## TASK REQUIREMENTS
Repeat each entry exactly; omit all pictures.

Extracted data entries:

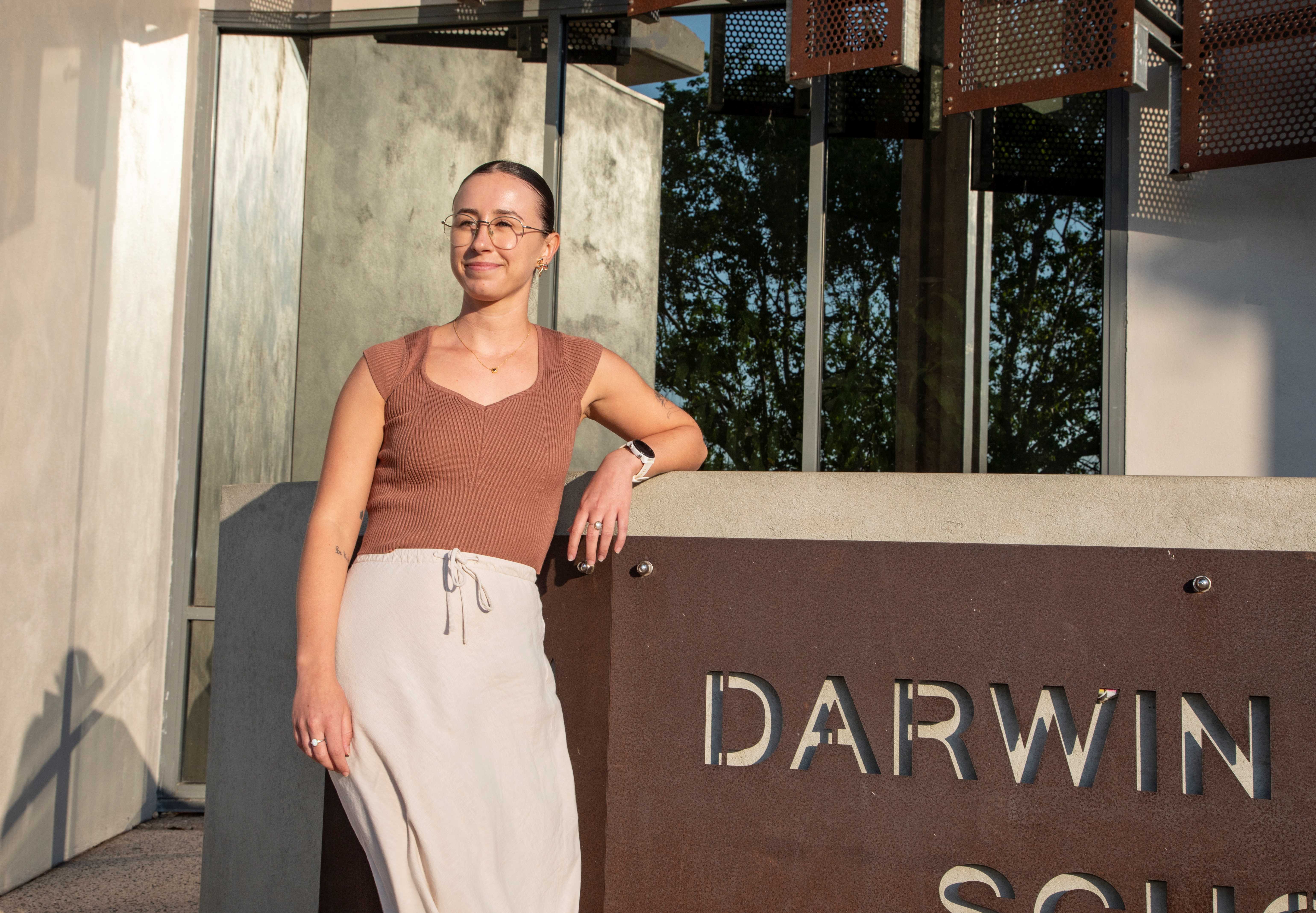 Danica Winterton with Darwin sign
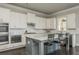 Open kitchen featuring a gray kitchen island, white cabinets, and modern stainless appliances at 4425 Atwood Dr, Cumming, GA 30040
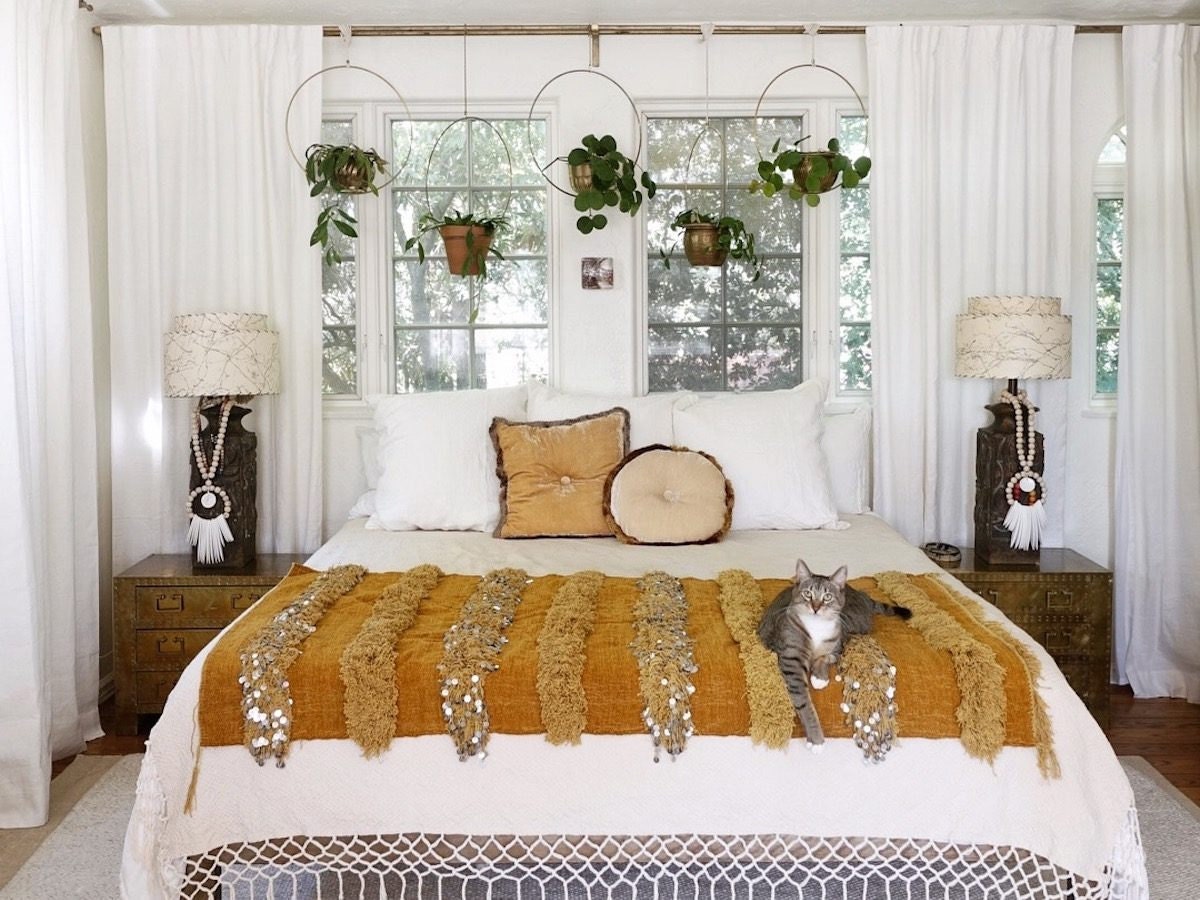 A bright bedroom interior featuring hanging planters, a bed covered with an orange blanket and framed by two nightstands, and a cat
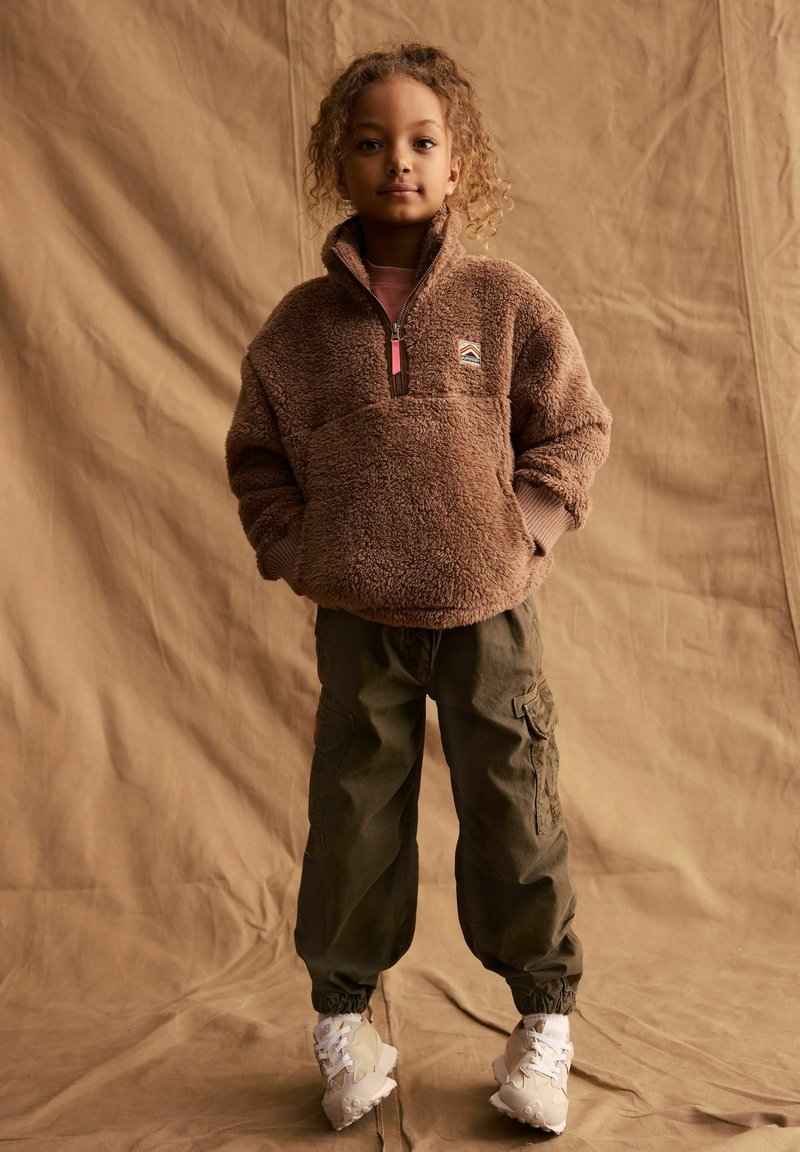 Pullover di pile marrone con colletto alto e zip a metà, abbinato a pantaloni cargo verdi con polsini elasticizzati e tasche, indossato con sneakers bianche.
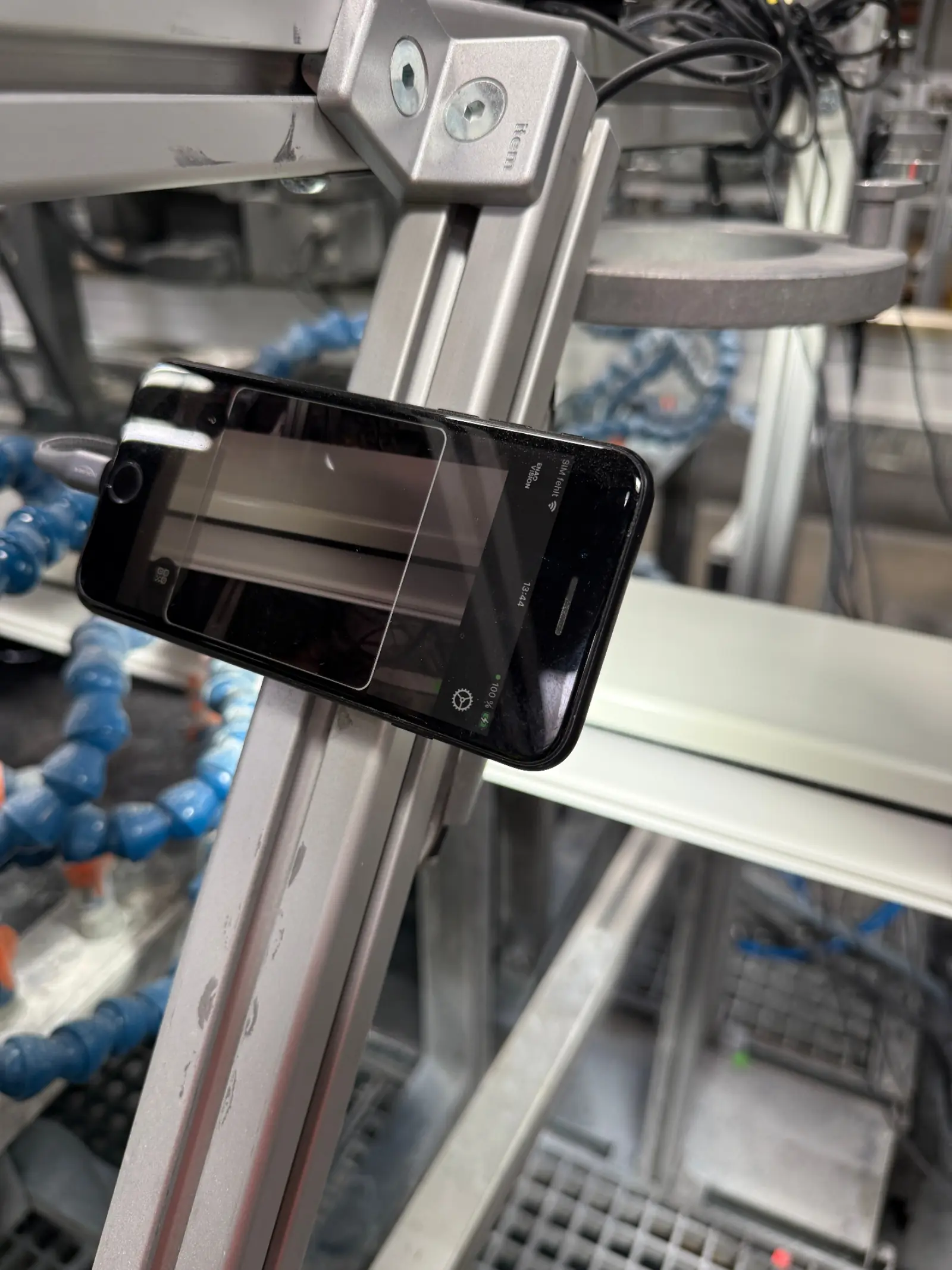 iPhone mounted on an aluminum frame above a production line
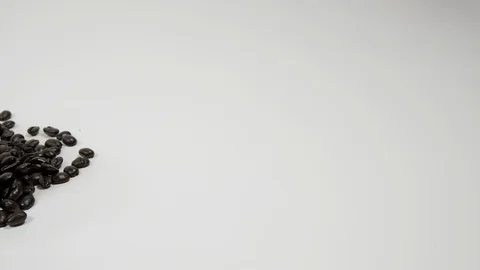 A cup of coffee surrounded by coffee beans on white background. Stock Footage 100796408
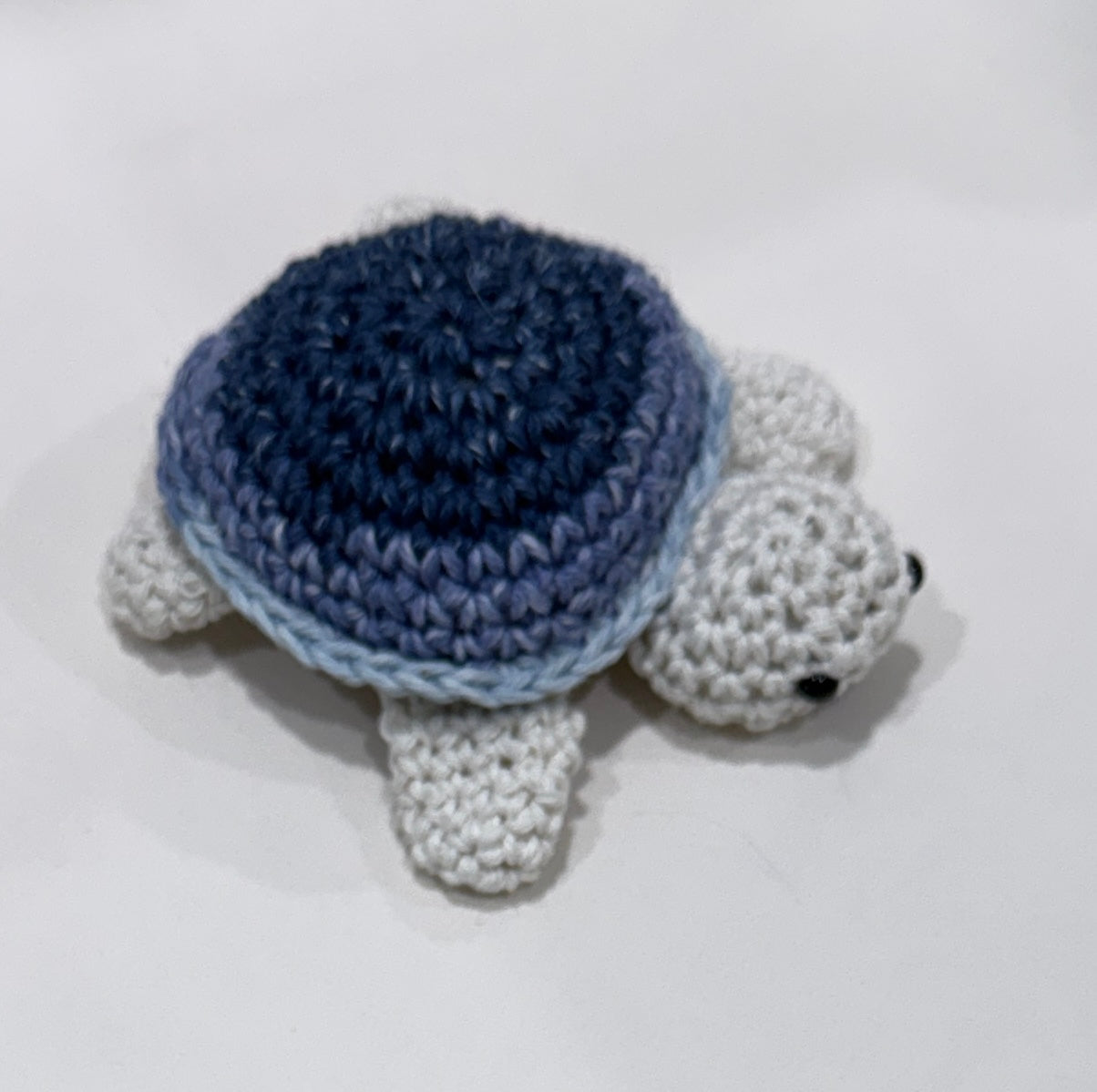 Crocheted turtle with blue shell on a white background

## RESPONSE TO THE TASK
 Danica Winterton with Darwin sign
 Open kitchen featuring a gray kitchen island, white cabinets, and modern stainless appliances at 4425 Atwood Dr, Cumming, GA 30040
 A bright bedroom interior featuring hanging planters, a bed covered with an orange blanket and framed by two nightstands, and a cat
 Pullover di pile marrone con colletto alto e zip a metà, abbinato a pantaloni cargo verdi con polsini elasticizzati e tasche, indossato con sneakers bianche.
 iPhone mounted on an aluminum frame above a production line
 A cup of coffee surrounded by coffee beans on white background. Stock Footage 100796408
 Crocheted turtle with blue shell on a white background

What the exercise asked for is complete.